The formal trader’s intention is very clear that the asset chosen will go down, thus the trader chooses the PUT OPTION or DOWN.
PUT OPTION is chosen by the trader when the trader understands that the asset chosen will go down at the time of expiry when compared to the current price. If the trader’s choice is correct then the trader ends up "IN THE MONEY".
Basically, put options give us the best market when it is going down. And that’s the great thought process for most business investors to achieve satisfied profit.
When the business investors choose a put option it gives you the right decision (but not the obligation) to sell a specific stock at a specific price (strike price) per good share within a specific time frame. The best way to remember is that you have the right to stock to somebody.

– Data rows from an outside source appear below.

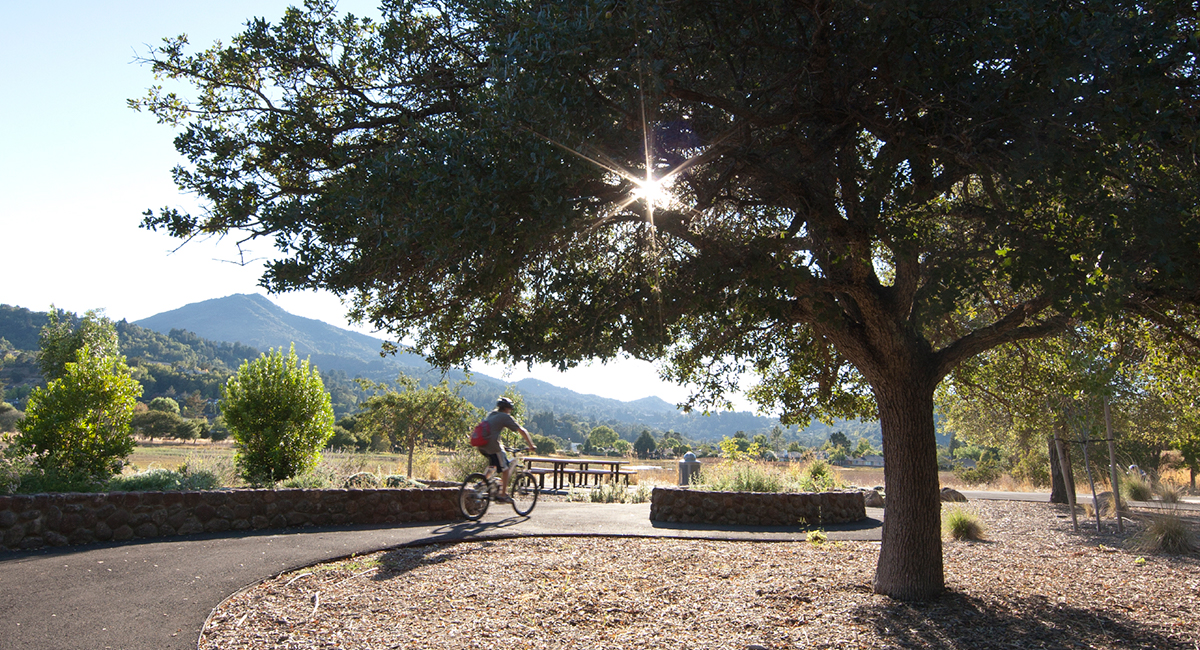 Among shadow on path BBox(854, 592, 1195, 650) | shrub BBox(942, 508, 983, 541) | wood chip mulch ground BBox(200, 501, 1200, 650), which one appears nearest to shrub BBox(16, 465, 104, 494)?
wood chip mulch ground BBox(200, 501, 1200, 650)

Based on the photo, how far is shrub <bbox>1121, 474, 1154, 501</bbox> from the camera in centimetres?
1669

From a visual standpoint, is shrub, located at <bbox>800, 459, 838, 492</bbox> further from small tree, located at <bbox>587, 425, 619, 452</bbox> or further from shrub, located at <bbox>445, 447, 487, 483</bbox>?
small tree, located at <bbox>587, 425, 619, 452</bbox>

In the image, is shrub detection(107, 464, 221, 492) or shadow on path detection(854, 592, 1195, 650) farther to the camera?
shrub detection(107, 464, 221, 492)

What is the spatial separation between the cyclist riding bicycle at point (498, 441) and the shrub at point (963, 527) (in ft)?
22.6

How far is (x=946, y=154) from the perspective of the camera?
546 cm

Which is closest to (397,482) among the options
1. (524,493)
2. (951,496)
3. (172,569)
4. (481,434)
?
(524,493)

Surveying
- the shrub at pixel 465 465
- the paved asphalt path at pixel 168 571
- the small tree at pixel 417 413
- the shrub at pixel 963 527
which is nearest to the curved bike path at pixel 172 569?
the paved asphalt path at pixel 168 571

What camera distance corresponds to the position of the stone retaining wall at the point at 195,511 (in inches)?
299

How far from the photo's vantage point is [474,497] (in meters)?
10.8

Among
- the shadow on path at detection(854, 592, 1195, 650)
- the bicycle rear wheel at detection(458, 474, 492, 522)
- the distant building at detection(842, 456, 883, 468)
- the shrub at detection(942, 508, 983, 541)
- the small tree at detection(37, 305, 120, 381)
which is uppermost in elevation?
the small tree at detection(37, 305, 120, 381)

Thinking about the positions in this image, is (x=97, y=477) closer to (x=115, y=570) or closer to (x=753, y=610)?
(x=115, y=570)

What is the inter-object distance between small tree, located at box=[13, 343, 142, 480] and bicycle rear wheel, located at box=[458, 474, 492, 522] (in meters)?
5.46

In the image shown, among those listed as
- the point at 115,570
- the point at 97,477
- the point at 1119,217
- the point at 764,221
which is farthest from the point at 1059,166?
the point at 97,477

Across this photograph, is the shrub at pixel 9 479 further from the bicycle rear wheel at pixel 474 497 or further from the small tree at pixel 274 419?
the bicycle rear wheel at pixel 474 497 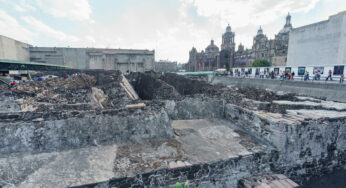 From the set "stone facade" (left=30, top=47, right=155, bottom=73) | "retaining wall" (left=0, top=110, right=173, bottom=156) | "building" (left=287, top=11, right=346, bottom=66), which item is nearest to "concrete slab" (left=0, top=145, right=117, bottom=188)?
"retaining wall" (left=0, top=110, right=173, bottom=156)

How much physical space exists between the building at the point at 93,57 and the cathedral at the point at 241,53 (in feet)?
97.1

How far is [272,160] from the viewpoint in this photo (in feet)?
14.1

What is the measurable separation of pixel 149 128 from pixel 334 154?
20.4 feet

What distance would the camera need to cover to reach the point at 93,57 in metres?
43.8

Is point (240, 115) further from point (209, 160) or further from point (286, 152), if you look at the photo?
point (209, 160)

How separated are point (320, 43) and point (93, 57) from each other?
4974 centimetres

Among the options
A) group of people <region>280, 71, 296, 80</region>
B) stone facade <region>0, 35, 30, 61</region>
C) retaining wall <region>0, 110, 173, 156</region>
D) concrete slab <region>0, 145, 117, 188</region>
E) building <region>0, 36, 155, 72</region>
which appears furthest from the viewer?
building <region>0, 36, 155, 72</region>

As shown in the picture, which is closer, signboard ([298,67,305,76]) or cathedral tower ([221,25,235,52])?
signboard ([298,67,305,76])

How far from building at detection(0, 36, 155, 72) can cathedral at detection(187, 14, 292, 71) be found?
97.1ft

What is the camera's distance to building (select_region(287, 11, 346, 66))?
20470 mm

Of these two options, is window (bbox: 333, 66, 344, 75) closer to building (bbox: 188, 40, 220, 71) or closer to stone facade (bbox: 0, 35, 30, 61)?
building (bbox: 188, 40, 220, 71)

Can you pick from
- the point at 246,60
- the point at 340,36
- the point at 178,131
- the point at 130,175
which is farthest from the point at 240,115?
the point at 246,60

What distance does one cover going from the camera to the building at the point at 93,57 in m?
43.4

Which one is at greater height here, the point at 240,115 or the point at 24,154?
the point at 240,115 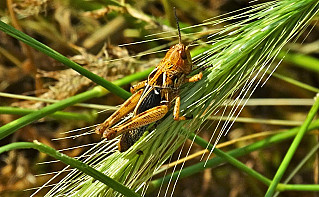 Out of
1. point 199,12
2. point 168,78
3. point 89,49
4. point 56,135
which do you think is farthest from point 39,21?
point 168,78

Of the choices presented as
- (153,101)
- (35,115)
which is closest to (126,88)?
(153,101)

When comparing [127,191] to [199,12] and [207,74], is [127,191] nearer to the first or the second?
[207,74]

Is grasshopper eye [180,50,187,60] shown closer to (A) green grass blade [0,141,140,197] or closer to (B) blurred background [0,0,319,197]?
(A) green grass blade [0,141,140,197]

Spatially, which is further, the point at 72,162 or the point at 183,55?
the point at 183,55

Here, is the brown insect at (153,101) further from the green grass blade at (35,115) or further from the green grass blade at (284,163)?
→ the green grass blade at (284,163)

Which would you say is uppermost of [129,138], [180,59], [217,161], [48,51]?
[48,51]

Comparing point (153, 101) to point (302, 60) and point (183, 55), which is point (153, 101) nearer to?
point (183, 55)

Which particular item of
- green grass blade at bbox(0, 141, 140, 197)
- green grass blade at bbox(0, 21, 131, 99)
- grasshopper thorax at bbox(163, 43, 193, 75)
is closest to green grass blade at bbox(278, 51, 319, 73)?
grasshopper thorax at bbox(163, 43, 193, 75)

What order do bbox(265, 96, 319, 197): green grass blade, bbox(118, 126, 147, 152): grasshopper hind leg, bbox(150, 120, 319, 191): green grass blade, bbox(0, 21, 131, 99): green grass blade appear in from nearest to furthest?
bbox(0, 21, 131, 99): green grass blade, bbox(118, 126, 147, 152): grasshopper hind leg, bbox(265, 96, 319, 197): green grass blade, bbox(150, 120, 319, 191): green grass blade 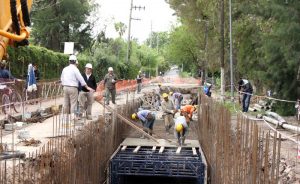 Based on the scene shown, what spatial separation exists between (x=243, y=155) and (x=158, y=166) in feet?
23.0

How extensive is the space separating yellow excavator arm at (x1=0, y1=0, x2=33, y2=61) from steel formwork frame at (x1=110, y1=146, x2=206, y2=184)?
1035cm

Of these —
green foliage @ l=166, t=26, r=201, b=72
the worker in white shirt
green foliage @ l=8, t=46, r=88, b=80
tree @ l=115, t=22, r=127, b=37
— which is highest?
tree @ l=115, t=22, r=127, b=37

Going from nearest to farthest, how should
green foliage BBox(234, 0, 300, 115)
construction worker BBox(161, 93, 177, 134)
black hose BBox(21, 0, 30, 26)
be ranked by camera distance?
black hose BBox(21, 0, 30, 26) → green foliage BBox(234, 0, 300, 115) → construction worker BBox(161, 93, 177, 134)

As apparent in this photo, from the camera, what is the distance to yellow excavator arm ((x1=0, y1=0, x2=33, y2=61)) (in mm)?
4617

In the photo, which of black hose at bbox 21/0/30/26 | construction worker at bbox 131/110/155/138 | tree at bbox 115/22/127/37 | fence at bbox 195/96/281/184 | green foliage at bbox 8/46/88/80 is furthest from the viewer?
tree at bbox 115/22/127/37

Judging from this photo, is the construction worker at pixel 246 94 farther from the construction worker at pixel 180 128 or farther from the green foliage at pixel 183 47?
the green foliage at pixel 183 47

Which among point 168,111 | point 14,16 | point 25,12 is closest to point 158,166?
point 168,111

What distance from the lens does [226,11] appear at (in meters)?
37.4

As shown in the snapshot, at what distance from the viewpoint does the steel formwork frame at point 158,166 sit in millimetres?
14899

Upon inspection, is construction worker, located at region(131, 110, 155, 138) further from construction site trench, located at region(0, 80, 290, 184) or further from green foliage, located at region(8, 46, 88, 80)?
green foliage, located at region(8, 46, 88, 80)

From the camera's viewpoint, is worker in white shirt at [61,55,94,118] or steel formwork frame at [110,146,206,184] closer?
worker in white shirt at [61,55,94,118]

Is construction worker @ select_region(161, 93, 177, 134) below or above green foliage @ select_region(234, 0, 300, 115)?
below

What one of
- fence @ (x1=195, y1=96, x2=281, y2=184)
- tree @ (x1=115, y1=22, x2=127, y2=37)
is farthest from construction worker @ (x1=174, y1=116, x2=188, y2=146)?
tree @ (x1=115, y1=22, x2=127, y2=37)

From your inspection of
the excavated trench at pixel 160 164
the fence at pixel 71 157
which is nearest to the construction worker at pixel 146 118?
the fence at pixel 71 157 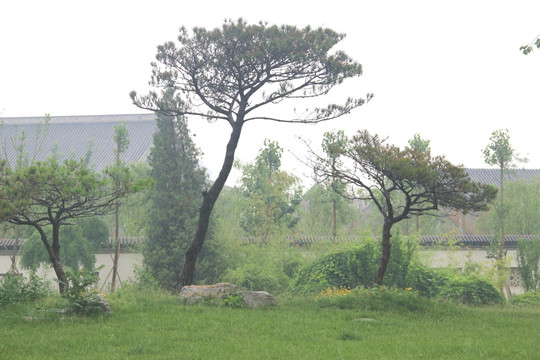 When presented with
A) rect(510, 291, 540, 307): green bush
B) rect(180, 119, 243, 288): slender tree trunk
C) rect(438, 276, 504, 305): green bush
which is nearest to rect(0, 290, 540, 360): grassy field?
rect(180, 119, 243, 288): slender tree trunk

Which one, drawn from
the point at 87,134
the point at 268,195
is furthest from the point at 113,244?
the point at 87,134

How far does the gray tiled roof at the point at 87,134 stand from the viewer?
31094 millimetres

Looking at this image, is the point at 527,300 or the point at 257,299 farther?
the point at 527,300

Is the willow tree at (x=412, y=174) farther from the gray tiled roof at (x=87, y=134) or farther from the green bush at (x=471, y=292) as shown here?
the gray tiled roof at (x=87, y=134)

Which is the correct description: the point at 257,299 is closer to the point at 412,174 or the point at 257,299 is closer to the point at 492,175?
the point at 412,174

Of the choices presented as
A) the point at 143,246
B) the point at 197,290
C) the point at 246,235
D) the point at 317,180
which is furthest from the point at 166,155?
the point at 197,290

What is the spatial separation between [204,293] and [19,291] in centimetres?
329

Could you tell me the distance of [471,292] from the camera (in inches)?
513

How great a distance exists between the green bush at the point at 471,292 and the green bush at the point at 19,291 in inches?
341

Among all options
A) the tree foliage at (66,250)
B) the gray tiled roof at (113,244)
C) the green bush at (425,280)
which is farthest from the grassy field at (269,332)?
the gray tiled roof at (113,244)

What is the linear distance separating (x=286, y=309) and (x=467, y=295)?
19.1 feet

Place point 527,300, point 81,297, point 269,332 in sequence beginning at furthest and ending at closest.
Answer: point 527,300 < point 81,297 < point 269,332

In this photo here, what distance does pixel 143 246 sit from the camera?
56.3ft

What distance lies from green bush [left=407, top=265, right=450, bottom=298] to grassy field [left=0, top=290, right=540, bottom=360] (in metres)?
3.33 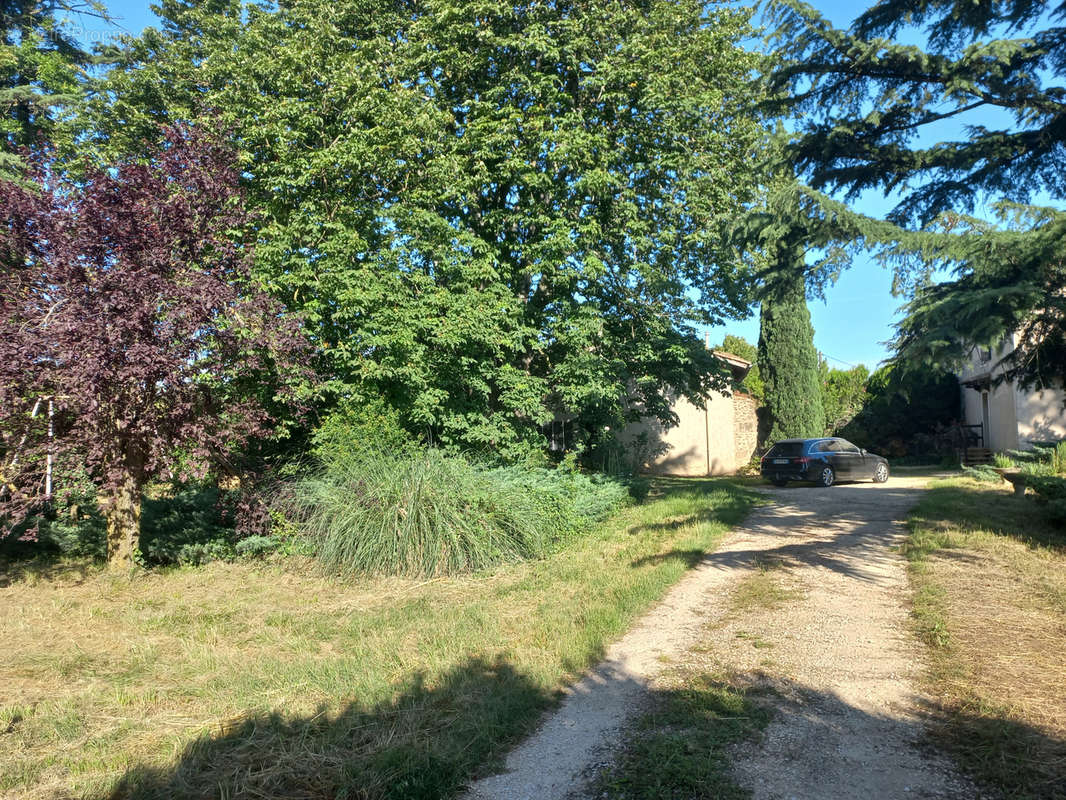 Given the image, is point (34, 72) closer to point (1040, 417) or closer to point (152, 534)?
point (152, 534)

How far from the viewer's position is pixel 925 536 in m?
8.95

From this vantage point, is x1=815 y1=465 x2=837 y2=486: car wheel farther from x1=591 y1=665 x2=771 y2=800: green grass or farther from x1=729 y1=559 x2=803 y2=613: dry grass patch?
x1=591 y1=665 x2=771 y2=800: green grass

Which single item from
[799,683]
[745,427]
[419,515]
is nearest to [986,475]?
[745,427]

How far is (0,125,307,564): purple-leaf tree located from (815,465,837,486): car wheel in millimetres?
14118

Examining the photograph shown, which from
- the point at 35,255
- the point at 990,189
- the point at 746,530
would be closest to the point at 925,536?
the point at 746,530

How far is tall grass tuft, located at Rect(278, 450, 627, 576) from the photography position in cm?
858

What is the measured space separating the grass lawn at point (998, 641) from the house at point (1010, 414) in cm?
1049

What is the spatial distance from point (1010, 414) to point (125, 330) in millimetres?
22976

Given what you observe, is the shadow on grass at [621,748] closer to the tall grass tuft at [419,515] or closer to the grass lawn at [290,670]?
the grass lawn at [290,670]

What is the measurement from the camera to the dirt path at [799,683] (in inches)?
137

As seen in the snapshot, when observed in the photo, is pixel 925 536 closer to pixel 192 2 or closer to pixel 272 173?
pixel 272 173

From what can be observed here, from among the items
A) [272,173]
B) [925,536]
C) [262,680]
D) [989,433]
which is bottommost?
[262,680]

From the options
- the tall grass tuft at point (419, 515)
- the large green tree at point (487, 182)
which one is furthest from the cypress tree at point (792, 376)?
the tall grass tuft at point (419, 515)

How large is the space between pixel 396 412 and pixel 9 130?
40.7ft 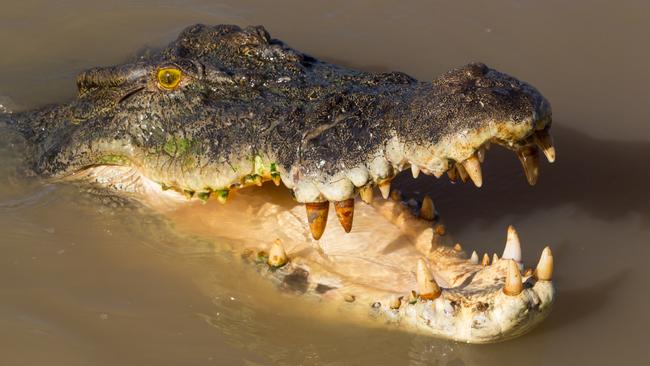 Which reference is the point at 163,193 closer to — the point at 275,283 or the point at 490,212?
the point at 275,283

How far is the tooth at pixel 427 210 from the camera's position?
4762mm

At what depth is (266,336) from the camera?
4500mm

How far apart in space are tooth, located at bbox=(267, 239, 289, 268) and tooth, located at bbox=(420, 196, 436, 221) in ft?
2.58

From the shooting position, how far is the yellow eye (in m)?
4.82

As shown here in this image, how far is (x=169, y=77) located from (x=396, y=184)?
5.23 ft

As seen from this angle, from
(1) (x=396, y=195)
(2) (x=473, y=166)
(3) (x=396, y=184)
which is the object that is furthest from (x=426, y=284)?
(3) (x=396, y=184)

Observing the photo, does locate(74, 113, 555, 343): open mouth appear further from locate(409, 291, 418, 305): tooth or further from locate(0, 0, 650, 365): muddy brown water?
locate(0, 0, 650, 365): muddy brown water

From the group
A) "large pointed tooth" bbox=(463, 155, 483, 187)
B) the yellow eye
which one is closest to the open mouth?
"large pointed tooth" bbox=(463, 155, 483, 187)

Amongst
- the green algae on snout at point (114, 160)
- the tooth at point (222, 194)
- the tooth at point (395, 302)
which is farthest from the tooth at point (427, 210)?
the green algae on snout at point (114, 160)

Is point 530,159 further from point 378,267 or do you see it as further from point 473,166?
point 378,267

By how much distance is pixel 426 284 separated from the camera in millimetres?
4086

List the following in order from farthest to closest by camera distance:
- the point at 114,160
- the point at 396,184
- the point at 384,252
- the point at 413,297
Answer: the point at 396,184, the point at 114,160, the point at 384,252, the point at 413,297

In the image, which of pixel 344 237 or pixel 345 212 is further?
pixel 344 237

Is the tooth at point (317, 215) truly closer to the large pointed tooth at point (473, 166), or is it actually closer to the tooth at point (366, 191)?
the tooth at point (366, 191) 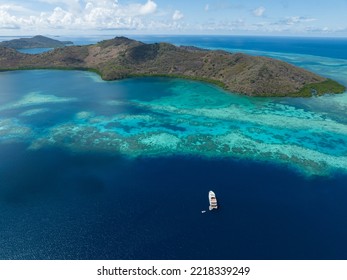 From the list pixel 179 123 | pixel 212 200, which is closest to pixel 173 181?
pixel 212 200

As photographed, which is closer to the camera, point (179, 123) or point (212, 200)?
point (212, 200)

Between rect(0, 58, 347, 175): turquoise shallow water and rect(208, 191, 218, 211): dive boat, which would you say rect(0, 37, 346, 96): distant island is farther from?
rect(208, 191, 218, 211): dive boat

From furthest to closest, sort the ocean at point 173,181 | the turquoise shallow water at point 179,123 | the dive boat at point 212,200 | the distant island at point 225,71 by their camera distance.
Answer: the distant island at point 225,71 < the turquoise shallow water at point 179,123 < the dive boat at point 212,200 < the ocean at point 173,181

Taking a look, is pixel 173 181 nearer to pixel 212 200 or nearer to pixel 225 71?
pixel 212 200

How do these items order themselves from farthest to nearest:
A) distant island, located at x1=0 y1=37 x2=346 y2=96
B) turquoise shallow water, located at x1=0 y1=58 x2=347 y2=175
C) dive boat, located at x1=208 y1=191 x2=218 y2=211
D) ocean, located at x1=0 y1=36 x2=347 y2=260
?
distant island, located at x1=0 y1=37 x2=346 y2=96
turquoise shallow water, located at x1=0 y1=58 x2=347 y2=175
dive boat, located at x1=208 y1=191 x2=218 y2=211
ocean, located at x1=0 y1=36 x2=347 y2=260

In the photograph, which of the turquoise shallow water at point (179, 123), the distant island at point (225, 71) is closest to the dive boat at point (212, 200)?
the turquoise shallow water at point (179, 123)

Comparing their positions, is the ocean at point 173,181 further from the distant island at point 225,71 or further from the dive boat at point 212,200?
the distant island at point 225,71

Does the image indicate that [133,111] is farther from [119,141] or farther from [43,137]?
[43,137]

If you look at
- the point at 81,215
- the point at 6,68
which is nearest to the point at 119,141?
the point at 81,215

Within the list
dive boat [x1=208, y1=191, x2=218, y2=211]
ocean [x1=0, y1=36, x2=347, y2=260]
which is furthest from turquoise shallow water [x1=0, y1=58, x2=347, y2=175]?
dive boat [x1=208, y1=191, x2=218, y2=211] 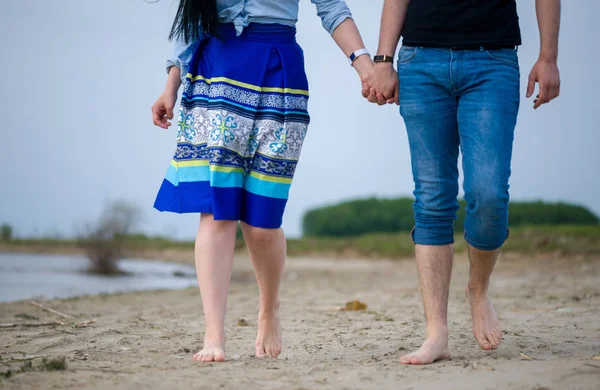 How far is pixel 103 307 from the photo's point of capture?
609 centimetres

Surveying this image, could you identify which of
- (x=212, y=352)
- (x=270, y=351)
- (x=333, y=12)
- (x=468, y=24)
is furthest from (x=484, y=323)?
(x=333, y=12)

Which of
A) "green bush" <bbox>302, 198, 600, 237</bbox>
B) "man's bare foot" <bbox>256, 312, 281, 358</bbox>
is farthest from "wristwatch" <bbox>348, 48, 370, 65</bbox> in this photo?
"green bush" <bbox>302, 198, 600, 237</bbox>

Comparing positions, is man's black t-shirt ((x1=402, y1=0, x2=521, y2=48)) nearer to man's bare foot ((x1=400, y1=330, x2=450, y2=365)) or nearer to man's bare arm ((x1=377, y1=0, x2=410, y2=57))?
man's bare arm ((x1=377, y1=0, x2=410, y2=57))

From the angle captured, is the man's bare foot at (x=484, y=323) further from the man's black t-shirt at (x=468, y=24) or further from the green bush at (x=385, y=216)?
the green bush at (x=385, y=216)

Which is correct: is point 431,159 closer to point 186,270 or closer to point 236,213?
point 236,213

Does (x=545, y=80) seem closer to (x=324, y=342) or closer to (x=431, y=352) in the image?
(x=431, y=352)

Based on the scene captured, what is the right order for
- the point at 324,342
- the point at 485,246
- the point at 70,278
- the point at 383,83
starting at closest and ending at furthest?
the point at 485,246 → the point at 383,83 → the point at 324,342 → the point at 70,278

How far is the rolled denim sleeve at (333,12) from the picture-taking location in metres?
3.29

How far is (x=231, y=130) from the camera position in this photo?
300cm

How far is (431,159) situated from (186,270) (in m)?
9.25

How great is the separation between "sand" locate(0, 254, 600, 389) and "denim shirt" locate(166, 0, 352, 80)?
1.35 metres

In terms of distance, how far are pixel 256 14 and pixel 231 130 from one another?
1.73 ft

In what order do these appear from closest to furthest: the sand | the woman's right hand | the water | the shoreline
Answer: the sand < the woman's right hand < the water < the shoreline

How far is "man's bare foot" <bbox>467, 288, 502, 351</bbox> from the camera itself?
10.2ft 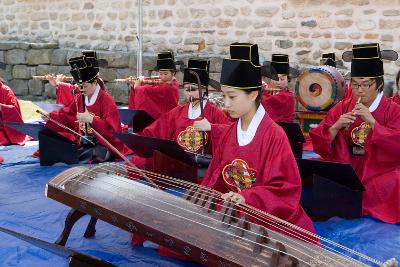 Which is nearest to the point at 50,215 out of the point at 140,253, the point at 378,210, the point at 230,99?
the point at 140,253

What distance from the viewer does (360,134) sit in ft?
11.8

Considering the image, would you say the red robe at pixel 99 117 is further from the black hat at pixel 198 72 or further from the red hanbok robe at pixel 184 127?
the black hat at pixel 198 72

A put option is a secured way to that you buy an option when you think the price of a stock or index is going to go down. More specifically, a put option is the right to SELL 100 shares of a stock or an index at a certain price by a certain date. That "certain price" is known as the strike price, and that "certain date" is known as the expiry or expiration date.
Not a suddenly, buyers and sellers have different goals. Buyers hope that the price of the underlying instrument drops so they can sell at the best price, which is higher than the market price. This way, they could offset the price of the premium, and hopefully make a profit as well.
The most use of a Put Options it is a type of insurance. In the protective put, the investor buys enough puts to cover his holdings of the underlying so that if a drastic downward movement of the underlying's price occurs, he has the option to sell the holdings at the strike price. Another use is for speculation: an investor can take a short position in the underlying stock without trading in it directly.
The client of a placed choice pays a premium to the writer (the time period given for the vendor) to shop for the choice. If the consumer does not exercise the option via promoting the asset earlier than the option expires, it will cancel and the author will take the top rate as income.
As such, the writer of a name alternative is expecting that the asset they have agreed to sell will now not drop in price past the strike price. The consumer is looking ahead to that it's going to.